Veres-Homm: Wir haben mit einer ganzen Reihe von Investoren geredet. Die großen internationalen Player haben Österreich gar nicht auf ihrer Landkarte. Die Investoren stammen oft aus dem angelsächsischen Raum, die verlassen sich auf das, was seit 20 Jahren gut läuft. Der ganze Sektor ist ja erst vor zehn, 15 Jahren so richtig auf dem Schirm aufgetaucht, von den klassischen europaweiten Distributionszentren im Westen her konzentriert sich das Geschäft nun nach und nach auch auf Deutschland. Österreich ist ein sehr ruhiger Markt, der nur aus sich selbst heraus wächst. Da gibt es hier mal ein neues Regionallager, aber die großen internationalen Player fehlen. Die sagen sich: Bevor wir Spezialisten engagieren, die sich intensiv um den Schweizer und österreichischen Markt kümmern, konzentrieren wir uns lieber auf Deutschland, da ist noch viel Potenzial trotz zahlreicher Konkurrenten, weil viel Dynamik im Markt ist. Allerdings stellen wir gerade im süddeutschen Raum oft fest, dass sich große internationale Unternehmen schwertun, Logistikzentren zu entwickeln. Die Bürgermeister sagen sich: Wenn ich schon meine kostbaren Flächen noch irgendwem zur Verfügung stellen soll, dann soll es bitte nicht die Logistik sein. Das kann man vor allem in Stuttgart und München beobachten. Da muss schon ein großer Automobilhersteller selbst an die Tür klopfen.
STANDARD: Die Schweiz ist von den vier Märkten wohl noch am ehesten mit Österreich vergleichbar - wie sieht es dort aus?
Veres-Homm: Auch dort tut sich nicht wahnsinnig viel, aber in der Schweiz liegt das vor allem an den hohen Kosten. Und dort ist auch die Flächenproblematik noch einmal schlimmer, es wird wenig entwickelt. Ein Objekt mit 8000 m² ist in der Schweiz schon guter Durchschnitt, in Deutschland wäre das eher klein. Österreich liegt dazwischen, das geringe Neubauvolumen hier ist aber auch für uns immer wieder überraschend. Die Dynamik ist auffallend gering.

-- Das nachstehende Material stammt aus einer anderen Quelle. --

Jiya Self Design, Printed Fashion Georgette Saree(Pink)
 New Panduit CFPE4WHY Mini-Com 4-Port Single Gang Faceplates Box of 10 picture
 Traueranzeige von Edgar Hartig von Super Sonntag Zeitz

STANDARD: Eines Ihrer Themen ist auch die "Drittverwendungsfähigkeit", also die Nachnutzungsmöglichkeit von Logistikflächen für andere Mieter. Da hat sich in Österreich die internationale Norm noch nicht ganz durchgesetzt.
Veres-Homm: Richtig, international betrachtet fällt alles in jüngster Zeit annähernd gleichartig aus, überall werden dieselben standardisierten Logistikhallen mit einer bestimmten Anzahl an Toren pro Nutzfläche und derselben Höhe von zehn Metern gebaut. Ich halte das aber für fragwürdig. Muss eine Logistikhalle immer genau zehn Meter hoch sein? Das sind investorengetriebene Argumente. Die haben eine Checkliste, und wenn da etwas nicht zehn Meter hoch ist, gehört das Objekt schon zu den riskanten Investments. Zu diesen Merkmalen zählt auch, dass das Objekt eingeschoßig sein muss und einen Büroanteil von maximal zehn Prozent der Grundfläche aufweisen muss. Wenn das alles passt, findet man vermeintlich leichter einen Nachmieter. Ich stelle das immer zur Diskussion: In Österreich wird das wohl wegen des hohen Eigennutzeranteils ohnehin ein wenig anders sein, hierzulande kann man sicher auch mit einer nur sieben Meter hohen Halle argumentieren. Ganz generell muss man aber ein Stück weit weg vom Objekt gehen und sich fragen: Welche Funktion hat denn der Standort, und wer sucht ihn? Das sind die wichtigen Fragen. Die Automobilzulieferindustrie hat beispielsweise Bedarf an ganz speziellen Hallen. Da werden die Lkws typischerweise nicht hinten an die Tore angedockt, sondern in einem überdachten Bereich, wo der Lkw komplett reinfährt und dann seitlich beladen wird. Das braucht die Automobilindustrie, weil da schnell große Mengen beladen werden müssen und diese Shuttle-Lkws ständig hin- und herfahren. Das ist also ein durchaus vorteilhaftes Merkmal in den Gebieten, die sich logistisch stark auf die Autoindustrie konzentrieren.